Chapter in Professional Perspectives on Fixed Income Portfolio Management (Wiley, 2003)

The advent of European Monetary Union (EMU) coincided with major changes in European investor behavior, including reduced home-country bias and greater performance orientation. Yield-seeking and risk-taking strategies grew more popular — investors shifted money from governments to credits, extended duration across the curve and raised their equity allocations. All these strategies were implemented to raise the expected return of the portfolio, but they also increased the risk of capital losses, which soon became painfully apparent.

In this chapter, the authors focus on strategies in the European bond market that involve shifting money from government bonds to higher-yielding credits. Most carry strategies — overweighting high-yielding assets and underweighting low-yielding assets — seem to add value in the long run, but some strategies appear more risky than others. Specifically, they show that carry strategies are especially consistently profitable at short maturities. Indeed, they argue that among various structural tilts that real-money investors can make in their portfolios, replacing short-dated government debt with safe credits offers the best reward for risk.

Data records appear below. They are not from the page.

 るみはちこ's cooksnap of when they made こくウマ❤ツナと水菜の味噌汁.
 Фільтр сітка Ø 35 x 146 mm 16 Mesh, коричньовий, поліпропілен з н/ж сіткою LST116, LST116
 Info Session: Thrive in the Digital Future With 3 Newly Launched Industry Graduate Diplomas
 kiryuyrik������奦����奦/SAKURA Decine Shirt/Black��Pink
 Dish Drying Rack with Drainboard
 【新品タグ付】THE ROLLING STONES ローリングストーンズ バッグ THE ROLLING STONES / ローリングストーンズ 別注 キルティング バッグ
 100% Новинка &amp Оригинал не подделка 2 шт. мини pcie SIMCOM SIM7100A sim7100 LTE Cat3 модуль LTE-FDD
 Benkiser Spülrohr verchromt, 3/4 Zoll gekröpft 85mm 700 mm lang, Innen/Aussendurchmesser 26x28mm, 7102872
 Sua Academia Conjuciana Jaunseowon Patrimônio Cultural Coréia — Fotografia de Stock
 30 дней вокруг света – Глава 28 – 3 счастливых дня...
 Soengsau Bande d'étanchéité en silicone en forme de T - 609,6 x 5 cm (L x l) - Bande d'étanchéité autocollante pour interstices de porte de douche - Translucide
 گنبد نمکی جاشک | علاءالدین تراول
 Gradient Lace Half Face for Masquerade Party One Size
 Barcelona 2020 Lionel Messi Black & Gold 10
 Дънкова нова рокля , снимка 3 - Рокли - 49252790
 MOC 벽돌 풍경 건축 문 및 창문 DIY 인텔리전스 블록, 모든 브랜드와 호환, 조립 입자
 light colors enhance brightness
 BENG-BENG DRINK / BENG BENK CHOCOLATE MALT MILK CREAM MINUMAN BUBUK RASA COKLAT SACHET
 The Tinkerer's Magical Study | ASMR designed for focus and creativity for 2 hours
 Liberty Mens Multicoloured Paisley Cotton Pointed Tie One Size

They find similar patterns in all markets we examine — and present results from European and U.S. swap-government spread markets and credit markets. However, they add two caveats: (1) the results are not as compelling for leveraged investors than for real-money investors because the former need to factor in funding spreads and (2) the consistency of outperformance is not as robust when investors go further down the credit curve than when they only shift from governments to highest-grade credits.